Descrizione
“La salvaguardia della graduatoria relativa alla selezione degli operatori di esercizio di ANM, in scadenza il 10 febbraio 2026, rappresenta per il gruppo consiliare del Partito Democratico una priorità che riguarda insieme il lavoro, la qualità del servizio pubblico e la capacità della città di affrontare le trasformazioni in corso”, hanno dichiarato Enza Amato, Presidente del Consiglio e Gennaro Acampora, Capogruppo del PD, a margine della audizione dei capigruppo con i vertici ANM e sindacati.
“La graduatoria comprende 519 idonei, di cui 392 già chiamati e 250 effettivamente entrati in servizio, e rappresenta un patrimonio professionale che non può essere disperso. A fronte di una carenza di circa 300 operatori, oggi ANM ricorre a circa 180 lavoratori in somministrazione – hanno spiegato Amato e Acampora - una soluzione tampone che non garantisce stabilità, continuità del servizio né valorizzazione delle competenze e che il Partito Democratico ritiene non più sostenibile come modello ordinario di gestione”.
“Per consentire ulteriori scorrimenti della graduatoria è però necessario un impegno chiaro delle istituzioni – hanno precisato - Comune e Regione devono mettere ANM nelle condizioni di programmare il turn-over legato ai prossimi pensionamenti e di disporre delle risorse finanziarie necessarie per nuove assunzioni, anche valutando modalità flessibili come il part time.
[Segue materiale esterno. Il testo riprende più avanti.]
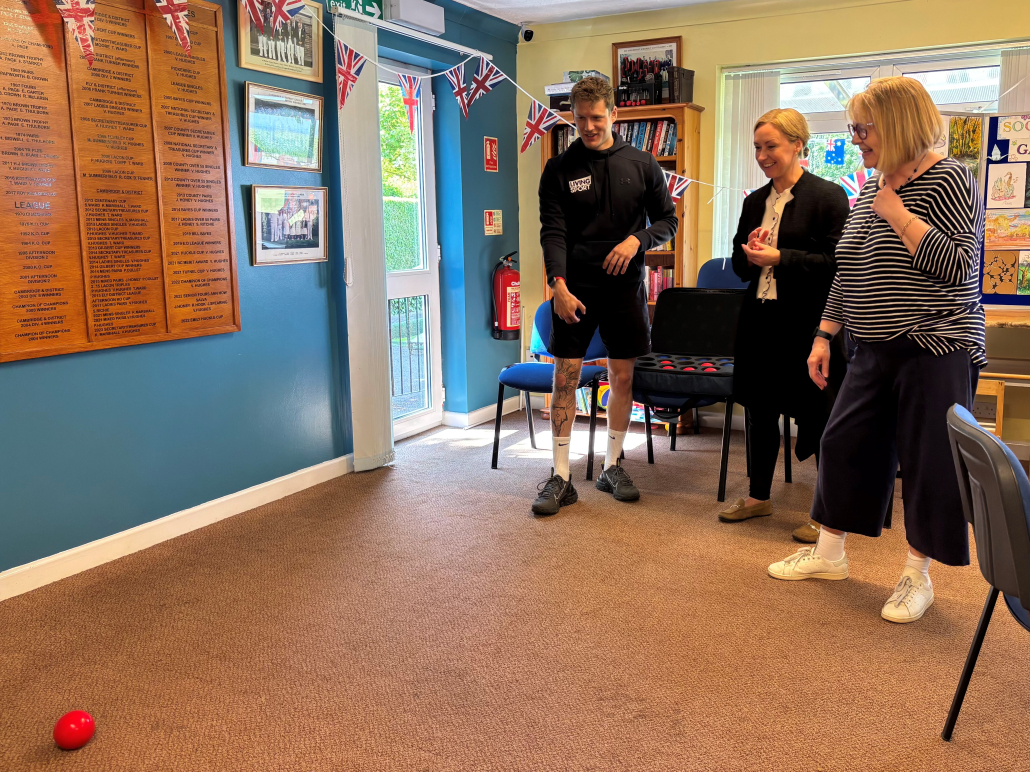 A young man, dressed in sportswear, showing two women how to play the sport of boccia.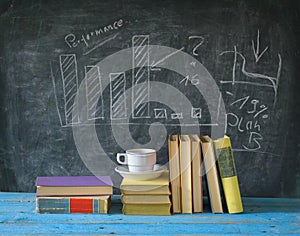 Books, cup of coffee, blackboard, diagram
I vincoli normativi esistono, ma è compito della politica costruire le condizioni affinché possano essere superati senza penalizzare il servizio e il lavoro”.
“A tal fine chiediamo la convocazione di un confronto finalizzato al superamento dello stallo.
Salvaguardare la graduatoria significa mettere ANM nelle condizioni di rafforzare strutturalmente il proprio organico e di affrontare le sfide che attendono la città: l’aumento dei flussi turistici, i grandi eventi internazionali, a partire dall’America’s Cup, e una domanda di mobilità in costante crescita. Senza un investimento stabile sul personale, il diritto alla mobilità rischia di essere compromesso”, hanno concluso Amato e Acampora.